§ Input records
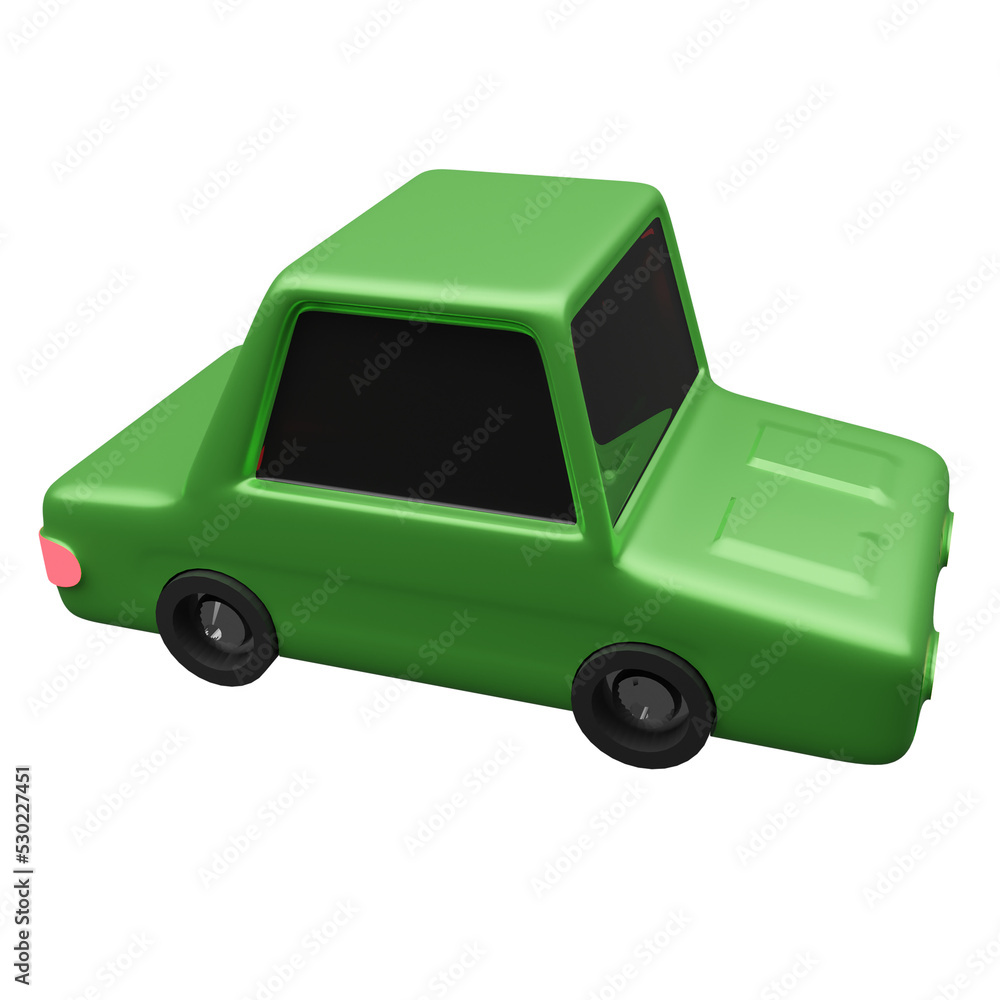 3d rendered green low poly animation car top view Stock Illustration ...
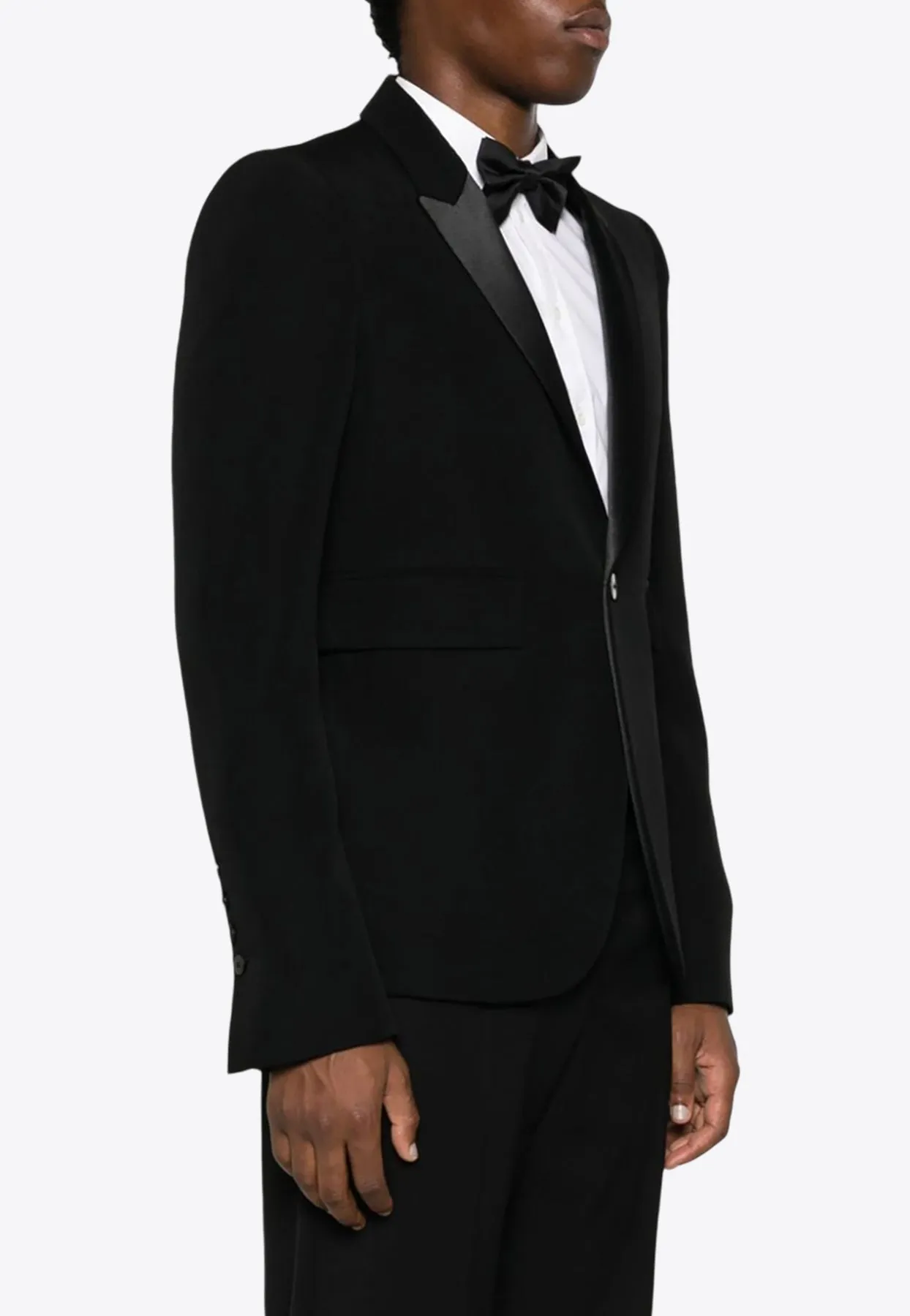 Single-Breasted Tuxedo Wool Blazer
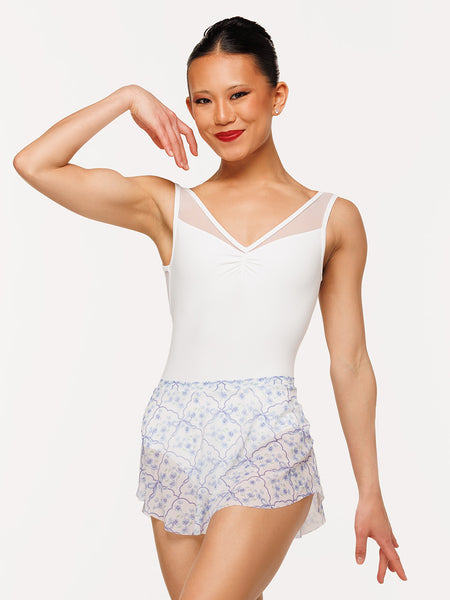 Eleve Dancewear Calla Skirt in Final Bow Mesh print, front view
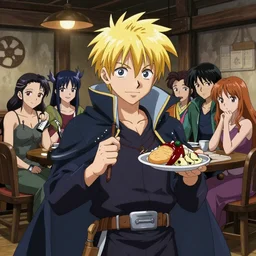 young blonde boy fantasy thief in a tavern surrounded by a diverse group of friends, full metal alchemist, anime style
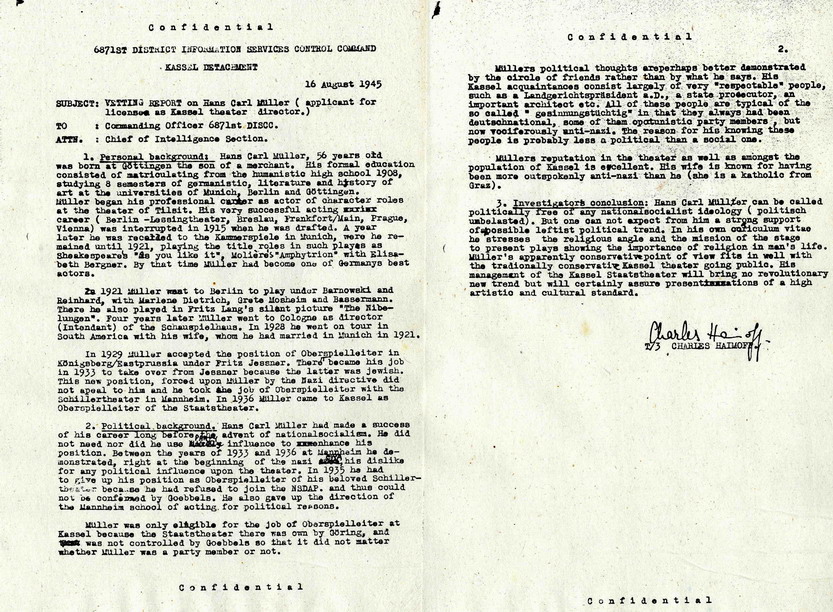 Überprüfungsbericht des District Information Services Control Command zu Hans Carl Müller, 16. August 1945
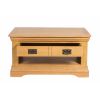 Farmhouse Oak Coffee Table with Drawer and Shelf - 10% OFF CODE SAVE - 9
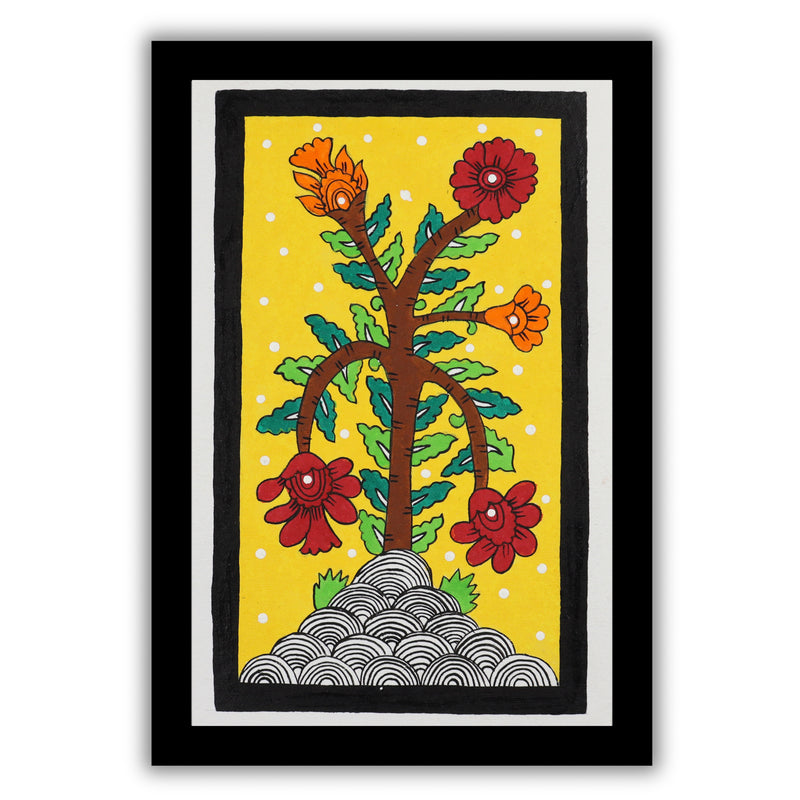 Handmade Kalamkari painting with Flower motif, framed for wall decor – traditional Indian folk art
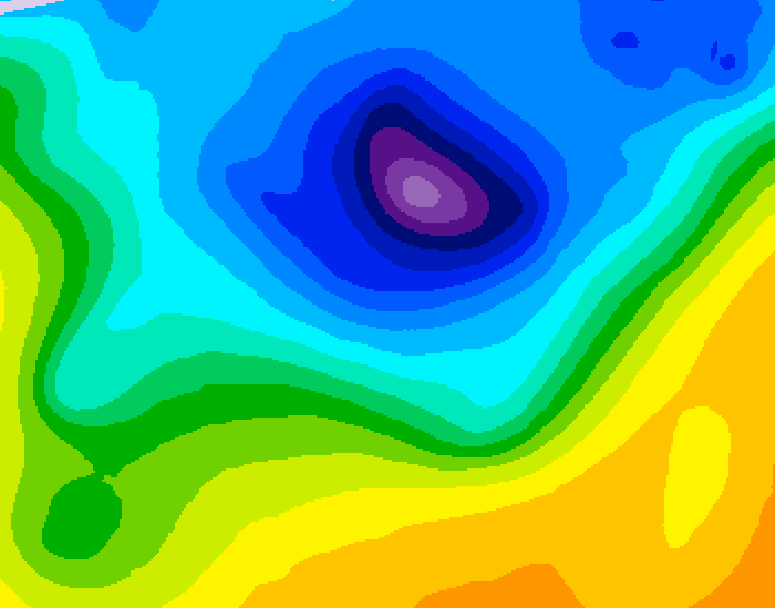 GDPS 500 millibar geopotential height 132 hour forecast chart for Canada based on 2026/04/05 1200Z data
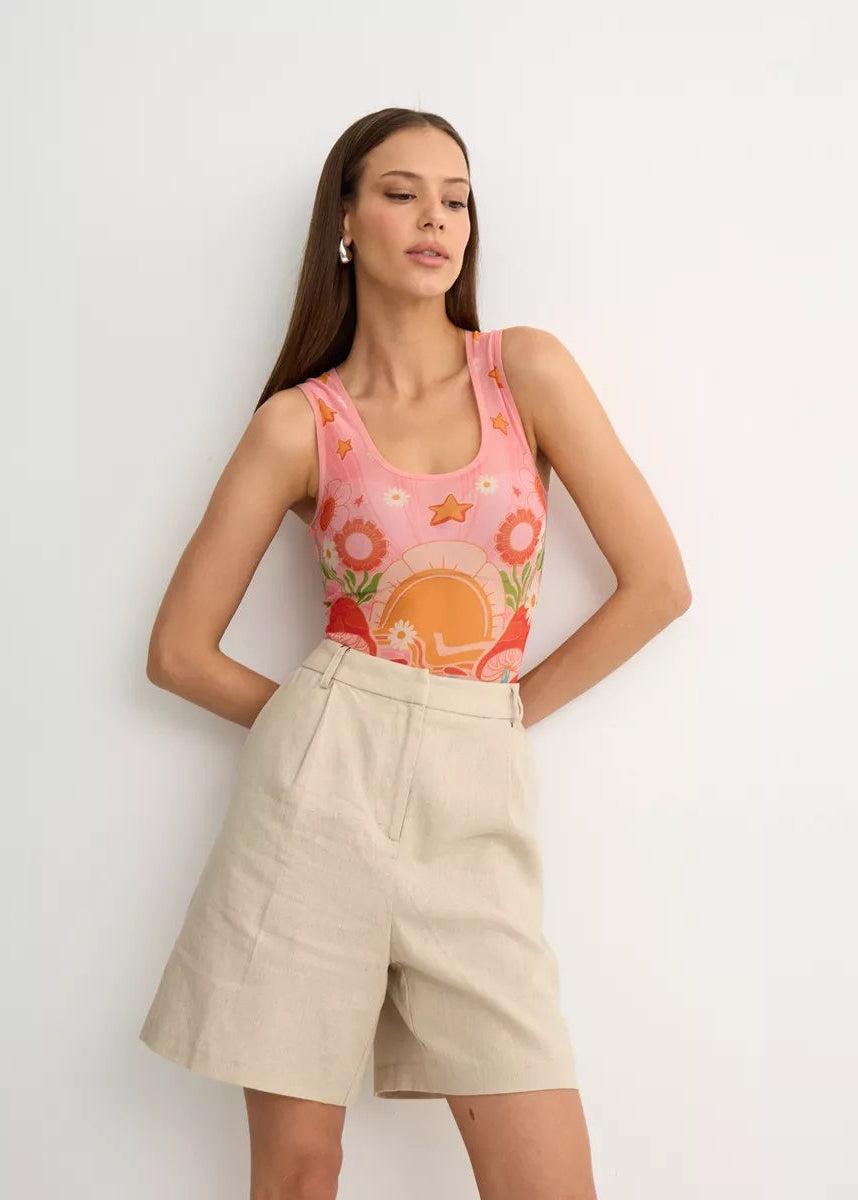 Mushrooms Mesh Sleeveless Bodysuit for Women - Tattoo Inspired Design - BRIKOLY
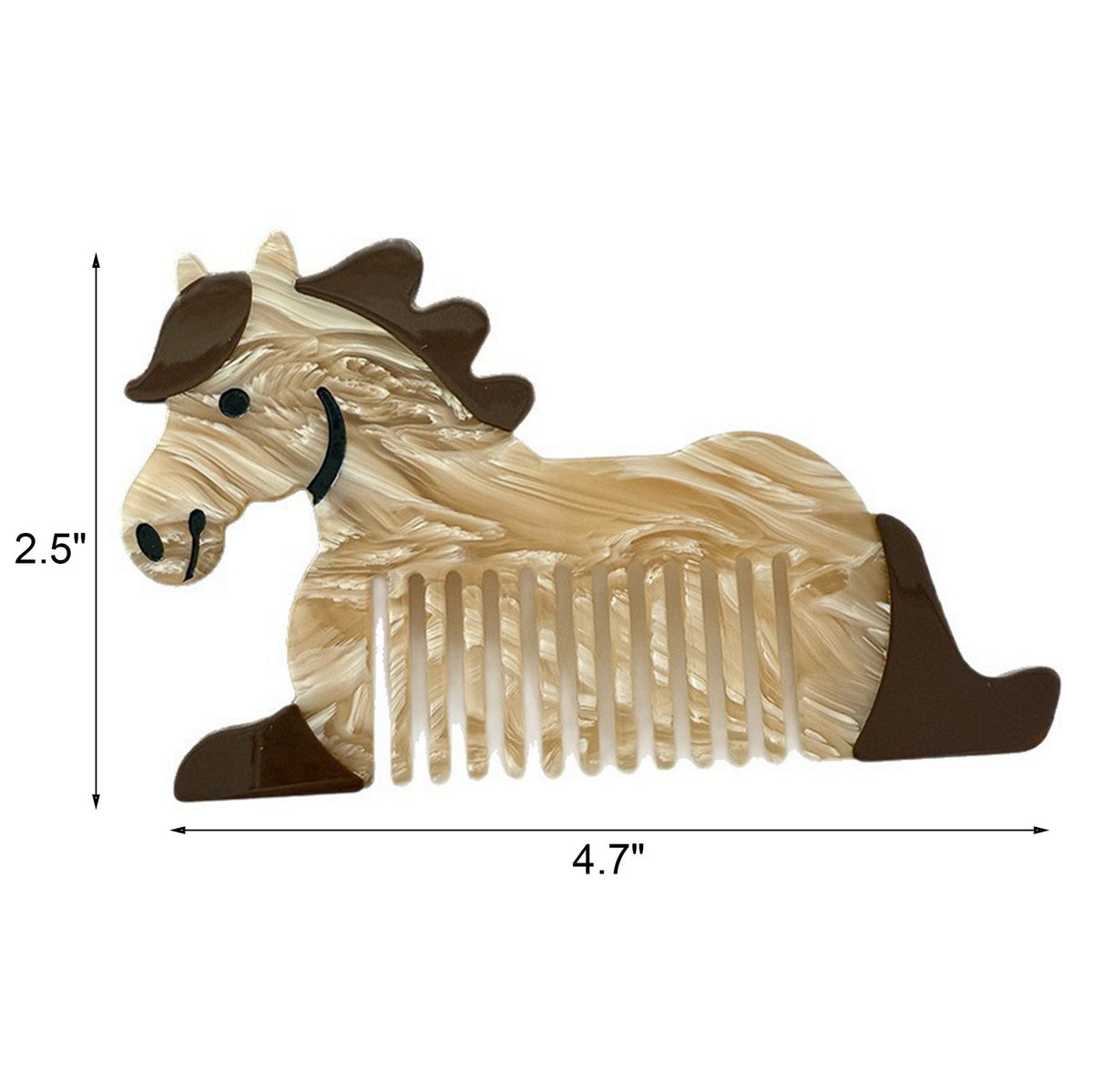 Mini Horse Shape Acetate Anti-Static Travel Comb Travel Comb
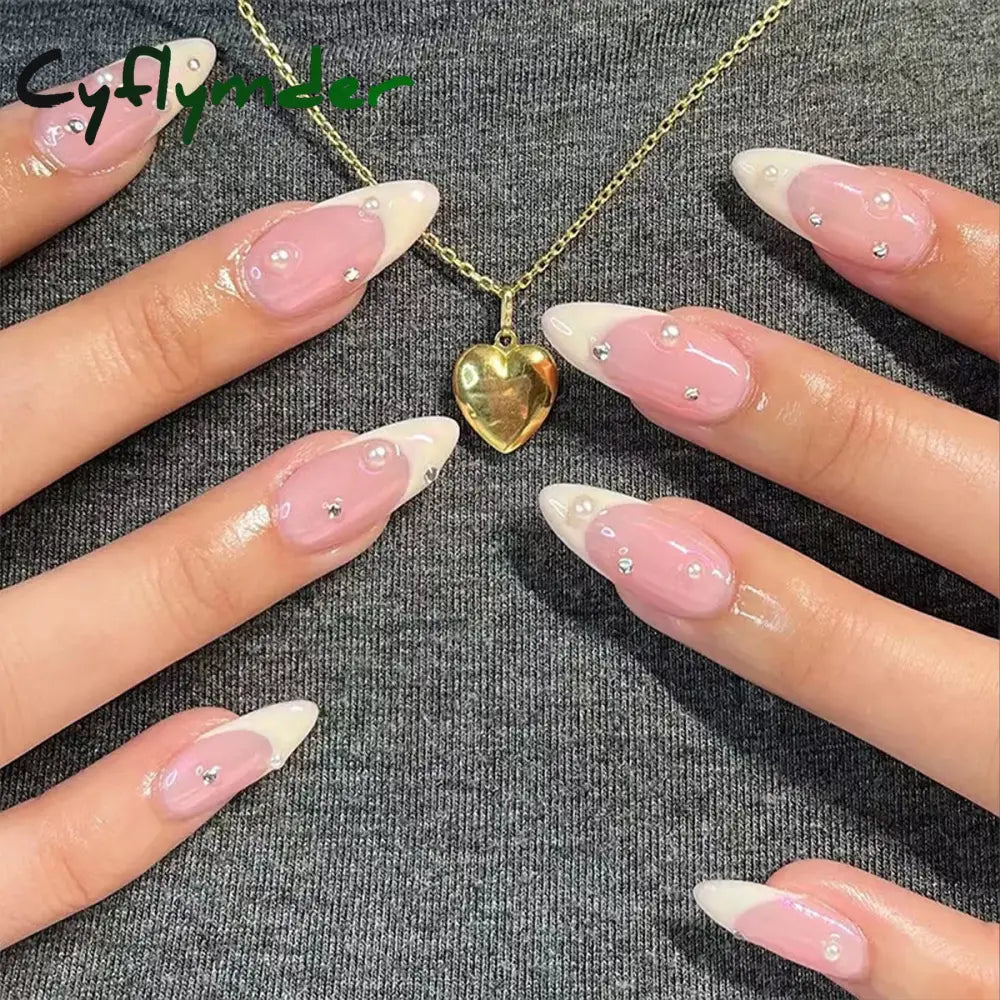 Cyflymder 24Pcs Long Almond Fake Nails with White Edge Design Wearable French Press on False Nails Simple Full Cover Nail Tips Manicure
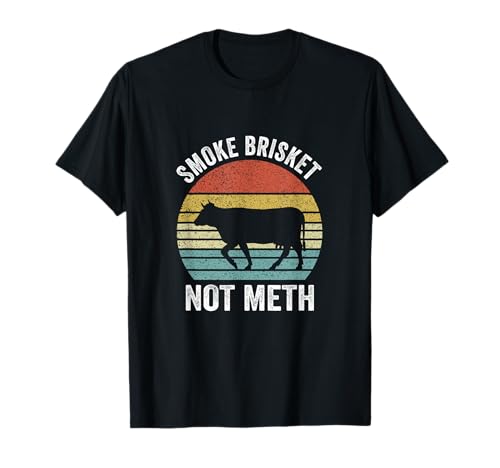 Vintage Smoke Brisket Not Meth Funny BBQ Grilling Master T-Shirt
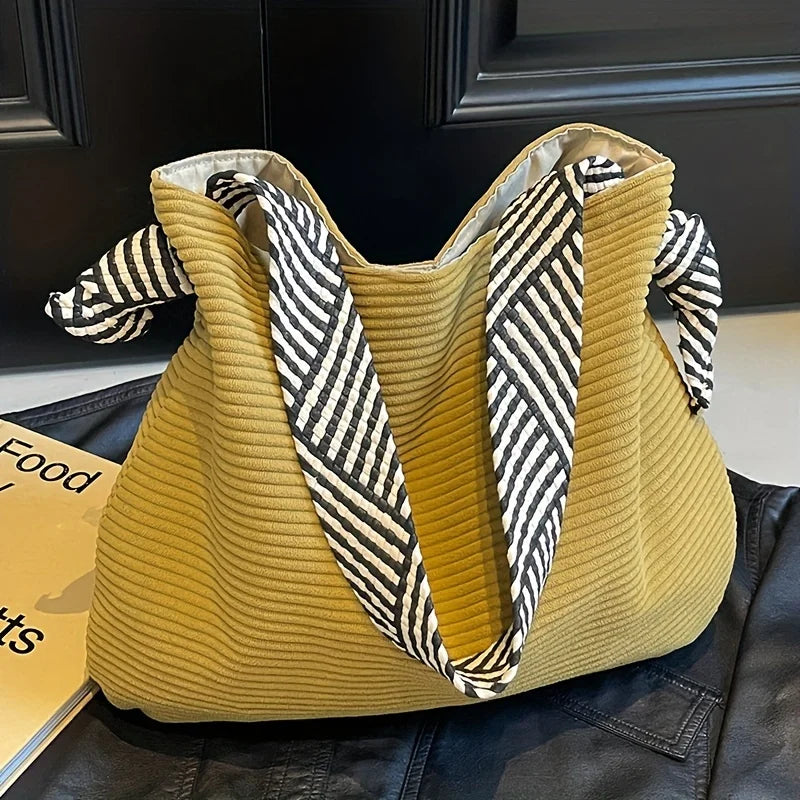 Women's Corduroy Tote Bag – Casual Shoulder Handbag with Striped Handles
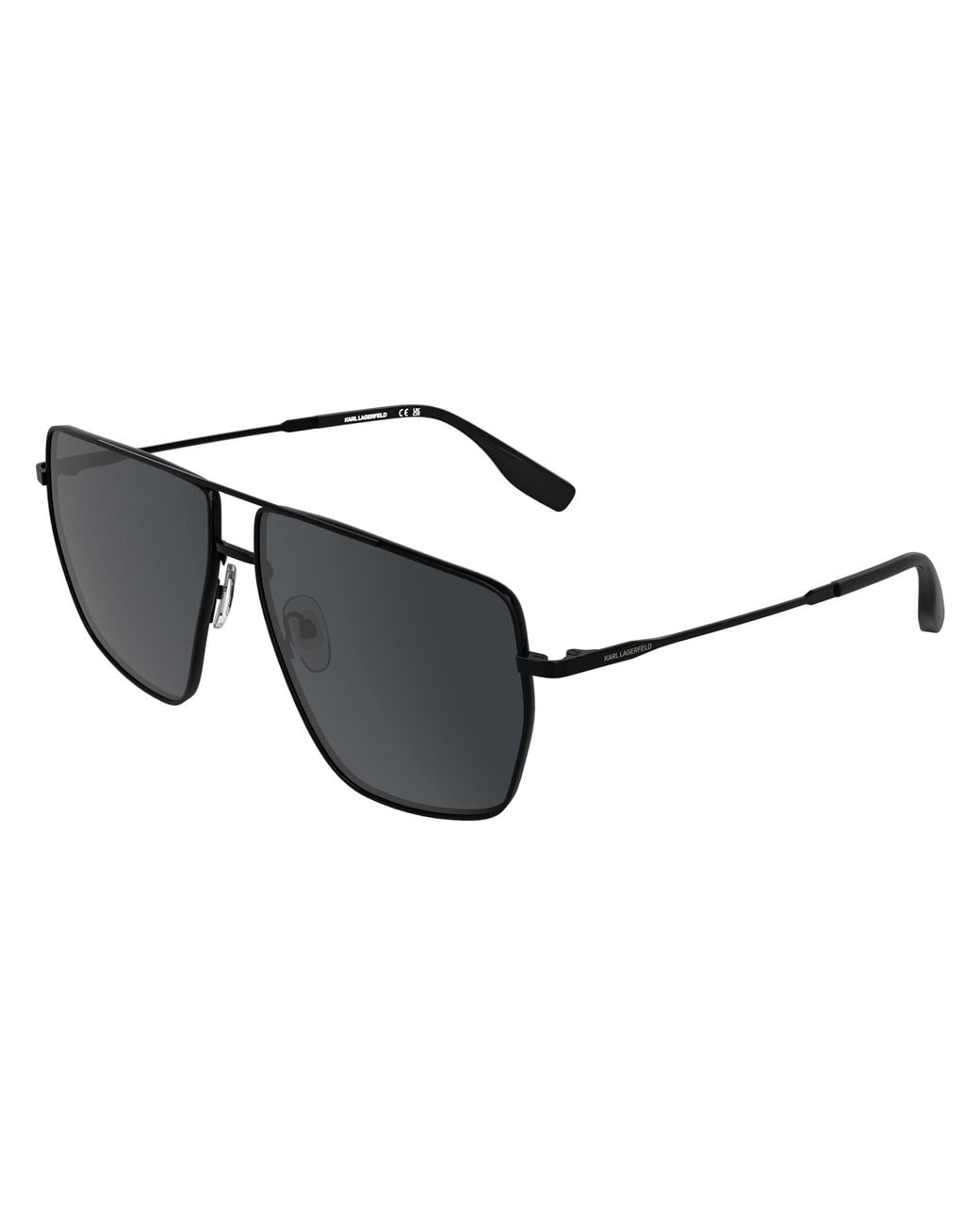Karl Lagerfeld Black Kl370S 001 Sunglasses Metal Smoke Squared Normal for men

§ Work required
Take the material above and output only the lines from the one that contains "Farmhouse Oak Coffee" through the one that contains "Mini Horse Shape", ends included and images left out.

§ The completed task
 Farmhouse Oak Coffee Table with Drawer and Shelf - 10% OFF CODE SAVE - 9
 Handmade Kalamkari painting with Flower motif, framed for wall decor – traditional Indian folk art
 GDPS 500 millibar geopotential height 132 hour forecast chart for Canada based on 2026/04/05 1200Z data
 Mushrooms Mesh Sleeveless Bodysuit for Women - Tattoo Inspired Design - BRIKOLY
 Mini Horse Shape Acetate Anti-Static Travel Comb Travel Comb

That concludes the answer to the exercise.